Diandra segera memasang sendiri seat belt sebelum Fandi yang memasangkannya. Sebelum menjalankan mobil Fortuner hitamnya, Fandi kembali melirik Diandra yang masih diam kemudian tatapan pria itu turun ke jari manis Diandra yang sudah terpasang cincin. Entah kenapa Fandi ingin sekali membawa cincin itu ketika berangkat tadi.
Cincin itu sengaja dirinya beli terpisah ketika Fandi dan Hilda pergi ke toko perhiasan beberapa Minggu lalu. Katakanlah Fandi brengsek masih memikirkan gadis lain ketika memilih cincin tunangan dengan kekasihnya sendiri. Namun ketika melihat cincin itu Fandi langsung teringat kepada gadis yang dulu pernah melemparnya dengan adonan tepung yang lebih mirio adonan pizza versi gagal kalau menurut Fandi.
Fandi saat itu tidak berharap untuk bertemu kembali dengan Diandra. Dirinya sadar bahwa semuanya sudah berubah. Fandi sudah akan bertunangan dengan kekasih yang sudah berpacaran selama kurang lebih setahun dengan dirinya. Cincin sederhana yang tak terlalu mewah namun terkesan manis itu mengingat dirinya kepada Diandra, gadis manis yang sederhana namun mampu memikatnya ketika pertama kali menatap gadis itu.

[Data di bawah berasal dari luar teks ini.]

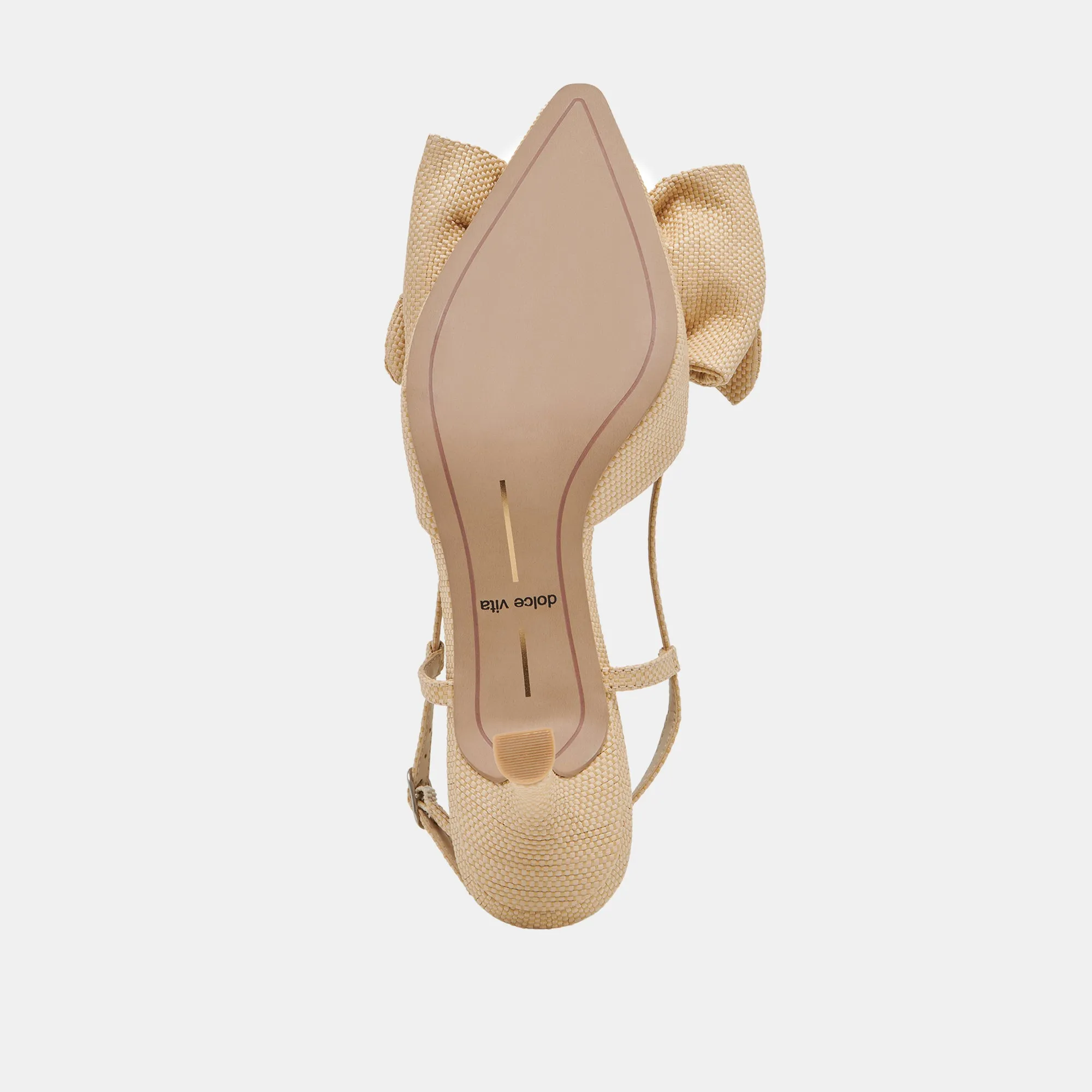 ODELA BOW HEELS NATURAL WOVEN RAFFIA Dolce Vita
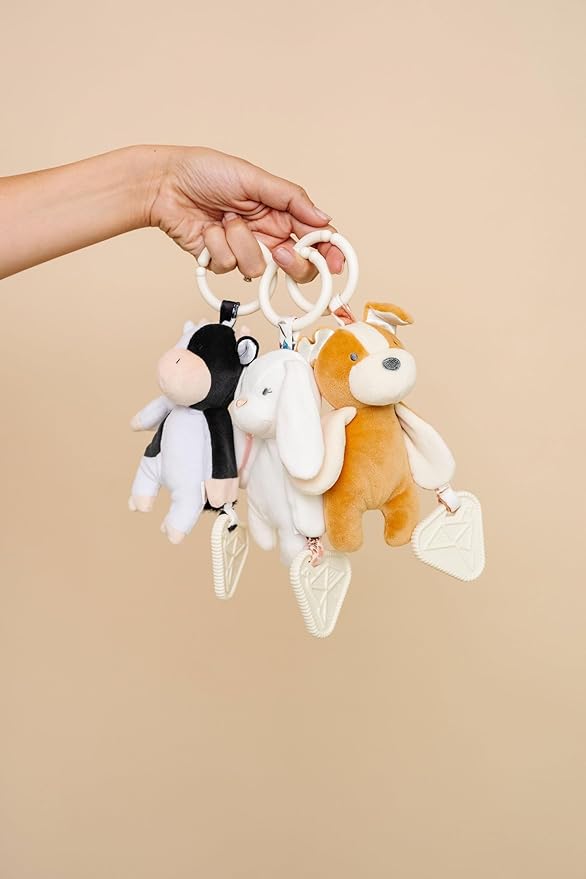 Copper Pearl On-The-Go Plush: Clip On Baby Toys for Travel, Soft Puppy Stuffed Animal with Teether for Sensory Development - Pepper Puppy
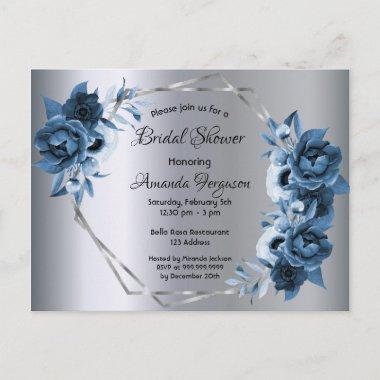 Bridal shower navy blue florals silver invitation postInvitations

'Cincinnya manis, sama seperti Diandra'. Itulah yang membuat Fandi nekat kembali ketoko perhiasan setelah mengantarkan Hilda pulang kerumahnya. Cincin itu sengaja Fandi sembunyikan dan lelaki letakan didalam kotak kecil di tempat tersembunyi dikamarnya. Ternyata perasaan Fandi yang sangat ingin membawa cincin itu hari ini ternyata bukanlah tanpa alasan. Dirinya bertemu Diandra 'nya kembali, duduk berdua didalam mobil yang sedang Fandi kendarai dengan kecepatan sedang itu.
Mobil Fortuner hitam membelah jalanan ramai pusat kota. Fandi mengendarai mobilnya menuju rumah sakit terdekat tempat ibunya dirawat. Lingga tadi sempat mengabari jika Bu Gina sudah ditangani dokter membuat Fandi bisa membawa mobilnya sedikit santai.
Suasana di dalam mobil masih sepi, Diandra masih setia menutup mulutnya. Bahkan gadis itu seperti tak Sudi menatap kearah Fandi. Diandra lebih memilih menatap jalanan disampingnya yang dipenuhi kendaraan lain, wajar saja sekarang malam minggu. Dapat dipastikan banyak kaum muda yang keluar dengan pacarnya ataupun sedang ingin nongkrong bersama temannya.
Mobil yang dikendarai Fandi akhirnya berbelok menuju kompleks rumah sakit. Kini Diandra tau Fandi membawanya kemana. Gadis itu tadinya mau bertanya, namun mengingat Fandi yang tanpa rasa berdosa menciuminya seenak jidat dihadapan banyak orang membuat Diandra malas menatap lelaki tampan disebelahnya itu.
Setelah Fandi selesai memarkirkan mobilnya, Diandra segera melepas seat belt dan turun dengan tergesa membuat Fandi terkekeh sendiri. Fandi menggelengkan kepala, lalu menyusul gadis manis itu turun.
Diandra mengusap lengannya yang terasa dingin. Cuaca malam ini mendadak kurang bersahabat padahal tadi masih cerah.
"Kayaknya bentar lagi turun hujan deh."
Diandra menengah keatas menatap langit yang mungkin seperti mewakili perasaan Fandi saat ini. Hembusan angin dingin membuat Diandra merinding dan memeluk dirinya sendiri. Fandi yang melihat itupun melepaskan kemeja batik yang dipakainya dan menyampirkannya dibahu Diandra. Sedangkan dirinya hanya memakai dalaman kaos berwarna hitam.
"Pakai, saya nggak mau kamu masuk angin."
Setelah itu Fandi berjalan meninggal Hilda yang memandangnya dengan tatapan sebal. Tak ingin sendirian ditempat parkir yang terasa seram itu, Diandra buru buru mengikuti langkah lebar Fandi dengan sedikit berlari.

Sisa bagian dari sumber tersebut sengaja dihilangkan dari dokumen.